Tip: Use a tea strainer to keep the strands of saffron out of your dish.
Note: Half a cup of broth may not seem like very much liquid, but between the moisture retention properties of the tajine and the juices that the chicken and vegetables will release there will be plenty of sauce.
5. Add half of the parsley and all of the coriander to the pan.
Note: Several of the recipes I looked at had you tying the parsley and cilantro into a bundle and then removing them after they are “spent.” Readers of my blog know how I feel about this kind of food waste. If it is edible, leave it in the pot.
6. Simmer the sauce for 2-3 minutes and remove it from the heat.
7. Transfer half of the onion mixture to the tajine.

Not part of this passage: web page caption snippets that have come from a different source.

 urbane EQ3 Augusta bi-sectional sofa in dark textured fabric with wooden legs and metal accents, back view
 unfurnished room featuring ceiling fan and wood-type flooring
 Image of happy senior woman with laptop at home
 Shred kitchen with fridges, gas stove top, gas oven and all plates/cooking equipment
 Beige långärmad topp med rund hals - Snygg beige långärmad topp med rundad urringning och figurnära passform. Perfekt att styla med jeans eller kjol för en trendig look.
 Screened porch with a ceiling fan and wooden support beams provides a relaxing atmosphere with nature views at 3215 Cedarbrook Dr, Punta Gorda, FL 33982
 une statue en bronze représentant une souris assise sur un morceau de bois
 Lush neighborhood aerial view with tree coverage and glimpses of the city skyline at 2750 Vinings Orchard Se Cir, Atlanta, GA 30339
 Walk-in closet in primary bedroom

8. Arrange the chicken pieces over the onions.
Note: For a dish like this I usually start with a whole chicken. I remove the back, breast bone, ribs, and wing tips with a knife or kitchen shears. These bits get frozen for later use in a chicken stock. I then separate the leg and thigh and I divide the breasts into to 2-3 portions each.

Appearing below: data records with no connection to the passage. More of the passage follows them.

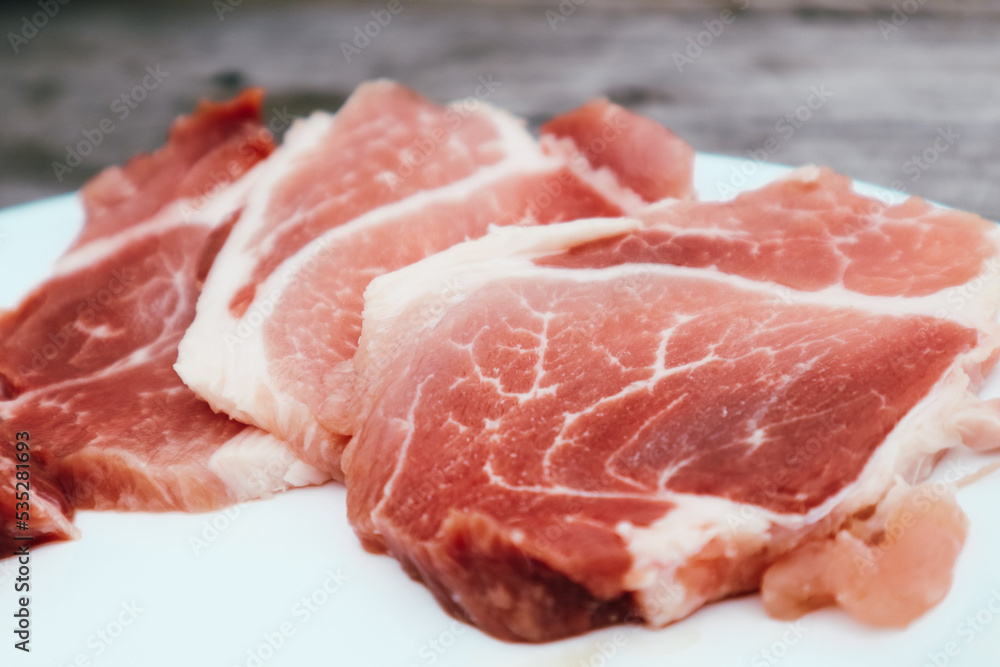 High Angle View Of Slised Meat In White Plate On Table. Fresh steak in plate. Uncooked raw pork meat slices on a white plate and wooden table.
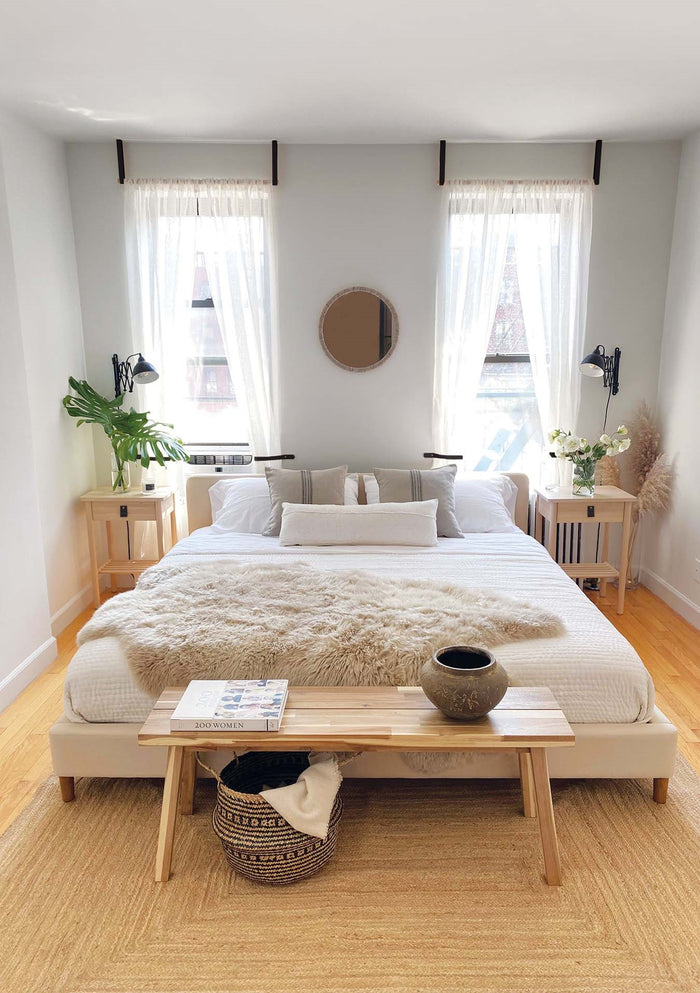 Modern bedroom scene featuring two walnut bedside tables fitted with a Keyaiira small wide leather pull, styled with neutral bedding and minimalist décor.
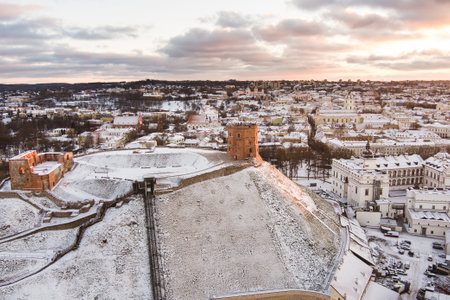 Aerial Vilnius city panorama in winter with snow covered houses, churches and streets. Gediminas tower in evening light. Winter city scenery in Vilnius, Lithuania.の写真素材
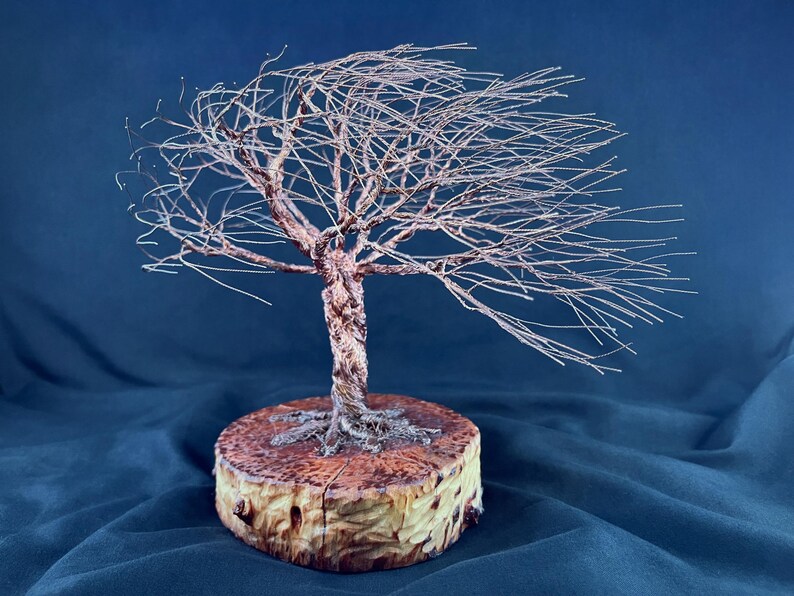 May include: A wire sculpture of a tree with thin, metallic branches extending to one side, as if blown by the wind. The trunk is formed from twisted copper-colored wire, and the base is a circular, light-brown wooden slice with visible grain.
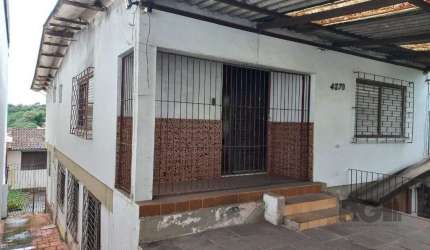 Casa 3 dormitórios à venda Cavalhada Porto Alegre/RS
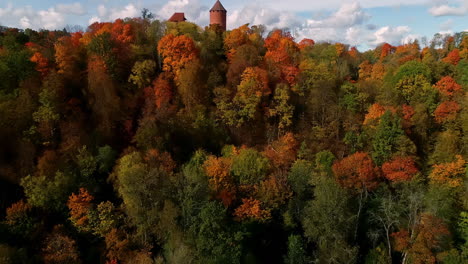 Ascending-aerial-shot-of-colorful-trees-and-Turaida-Castle-on-hilltop-during-sunny-autumn-day-in-Latvia,Europe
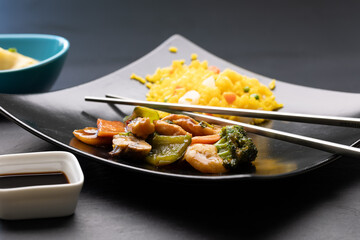 Metal chopsticks placed on a plate serving traditional Chinese Hunan chicken with vegetables, served alongside fried rice, wonton soup, and soy sauce.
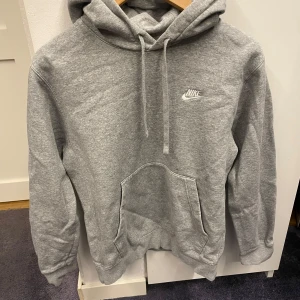 Grå hoodie från Nike med huva - Säljer en grå Nike hoodie i storlek XS med klassisk logga broderad på bröstet. Tröjan har huva med snörning, stor magficka och långa ärmar. Mjuk insida i fleece och relaxed passform, perfekt för chill eller träning. Fråga om du vill ha fler bilder!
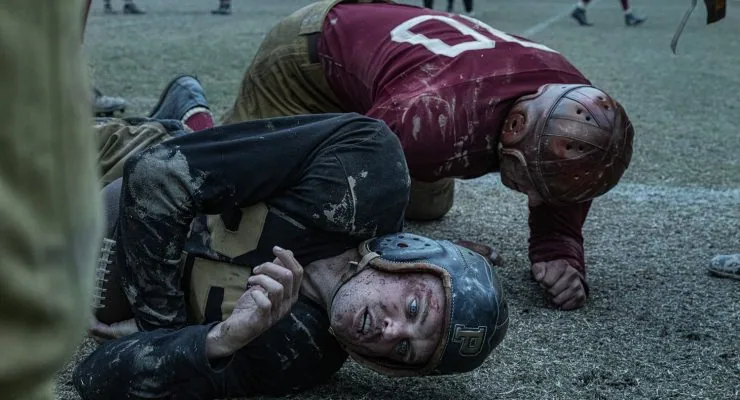 "Two vintage football players wearing old-style helmets and uniforms lie on a muddy field after a tackle, both looking exhausted; blurred players and spectators are seen in the background during a gritty, historical game."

9. Lay the lemon peel slices over the chicken.
Tip: In preparing my lemon peel, I slice a strip about half an inch wide off of the lemon. I then turn it over and—laying it peel side down—I shave off any white pith on the inside.
10. Cover the tajine and place it in a cold oven.
Tip: If you have a heat diffuser, you may cook this dish on a stove top, but I like the greater temperature control of the oven.
Note: Do not put a cold tajine into directly into a hot oven, there is a risk that it might crack from the sudden heat.
11. Set the temperature to 350º F and cook the chicken, undisturbed, for one hour.
12. Remove the tajine from the oven and remove the lid.
13 . Scatter the artichoke caps, garbanzo beans and olives over the top of the stew.
Tip: You may use a turkey baster to baste the stew before adding the vegetables.
Note: Frozen artichoke caps vary widely in size. I cut the small ones into quarters and the larger ones into six pieces. It is not necessary to completely defrost them before adding them to the pot.
14. Return the tajine to the oven and cook for another 30-40 minutes.
Tip: (optional) Check the sauce level and thickness. If you feel that it is too much or too thin, transfer some of it to a small pot and reduce and thicken it with some corn starch. Pour the thickened sauce over the tajine before garnishing it.
15. Garnish with the remaining parsley and serve.